保育士や教員など、こどもに関わる仕事への就職にあたり、その人に性犯罪歴がないことを証明するシステム「日本版DBS(Disclosure and Barring Service)」の制度創設に向けて、小倉将信こども政策担当相は6月16日の閣議後会見で、有識者会議を設置し、6月中に初会合を開くことを発表した。有識者会議の議論を踏まえ、今秋の臨時国会を含む、次の国会での法案提出を目指す。
「日本版DBS」は、2021年12月に閣議決定された「こども政策の新たな推進体制に関する基本方針」で、導入に向けて検討を進めるとされ、こども家庭庁でも検討チームを設置。法的な課題の論点整理や証明のための手続き・システムについて、具体化に向けた議論を行うため、新たに「こども関連業務従事者の性犯罪歴等確認の仕組みに関する有識者会議」の設置を決めた。

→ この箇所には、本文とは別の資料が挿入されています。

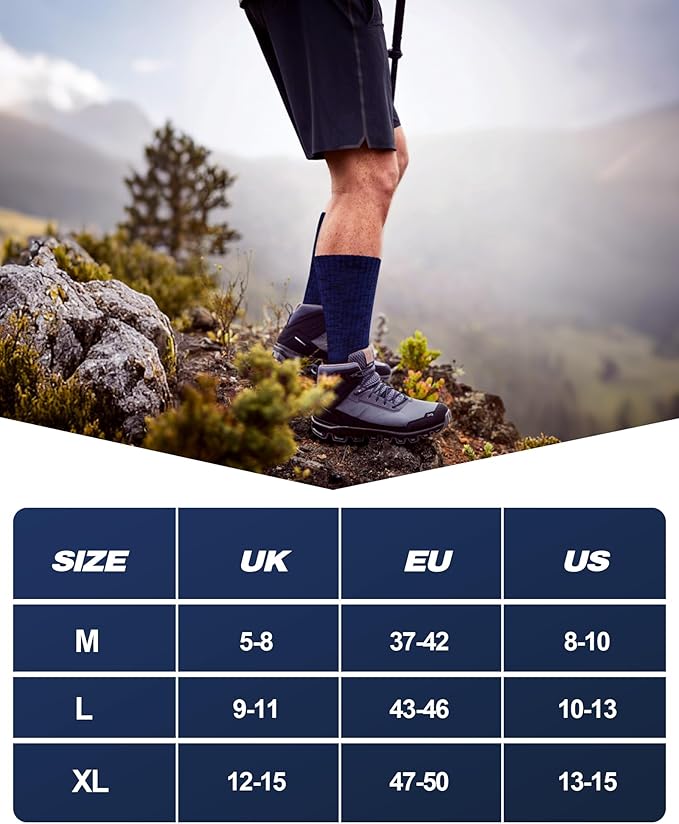 Mens Cotton Boot Crew Socks, 5 Pairs Full Cushion Socks Moisture-Wicking & Reinforced for Work Hiking Walking Outdoor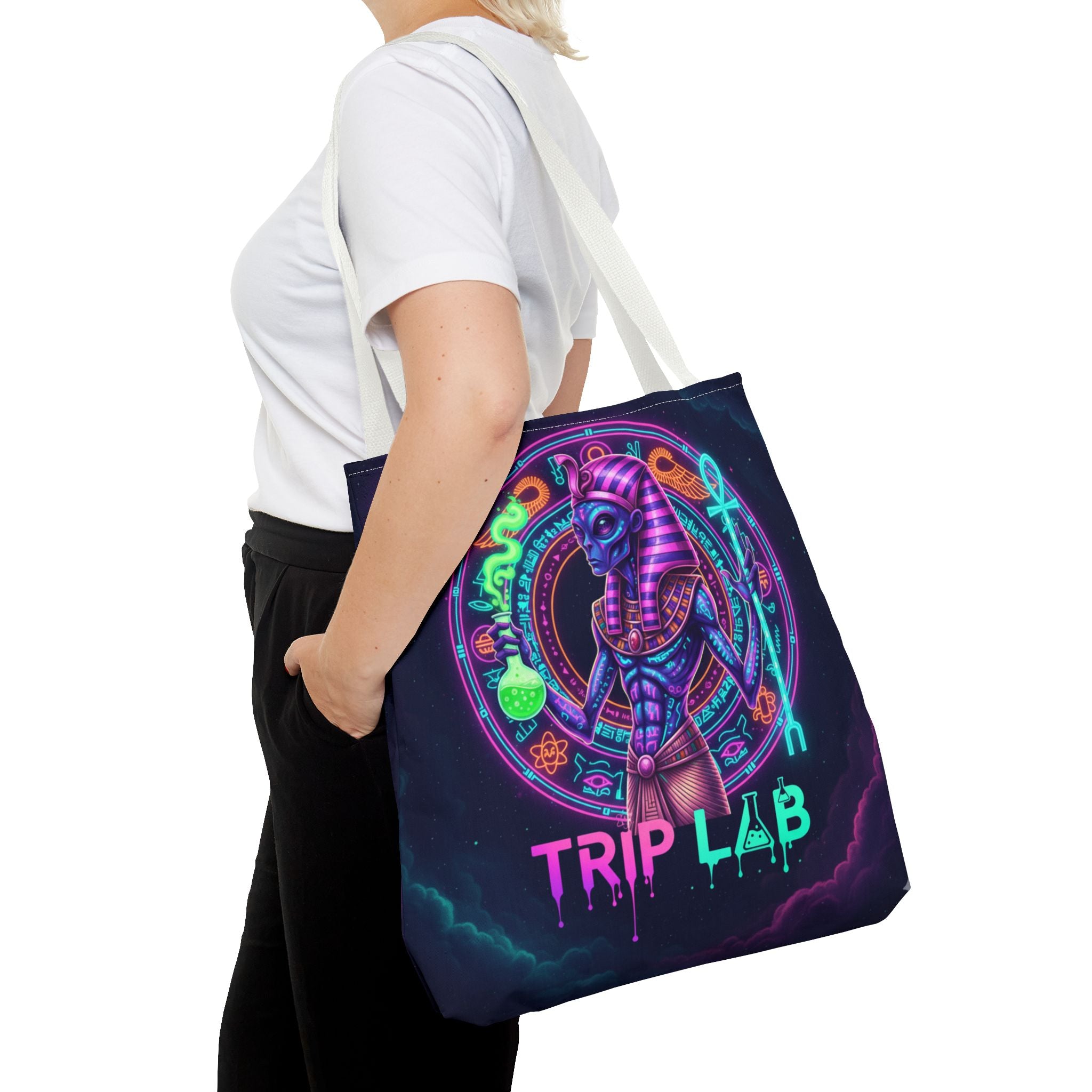Psychedelic Trip Lab Tote Bag — Neon Ancient-Egypt Anubis All-Over Print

構成員は現在調整中で、憲法や労働法などの法律やこども家庭福祉、児童心理の専門家に加え、地方団体や保護者などが想定されている。有識者会議として「日本版DBS」の制度設計に関し、留意点などを明らかにする予定。
小倉担当相は閣議後会見で「日本版DBS」の実現に向けた課題について、「職業選択の自由やプライバシー権との関係を含む法的論点の整理をどうしていくかや、あるいは証明のための具体的な手続きやシステムの在り方等についてどうすべきか、これが非常に大きな論点になるのではないか」との認識を示し、「今後、関係者、有識者の意見をうかがいながら、丁寧に議論を進めていく必要があるが、可能であれば(秋の臨時国会を含む)次の国会での法案提出を目指して検討を進めていく」と述べた。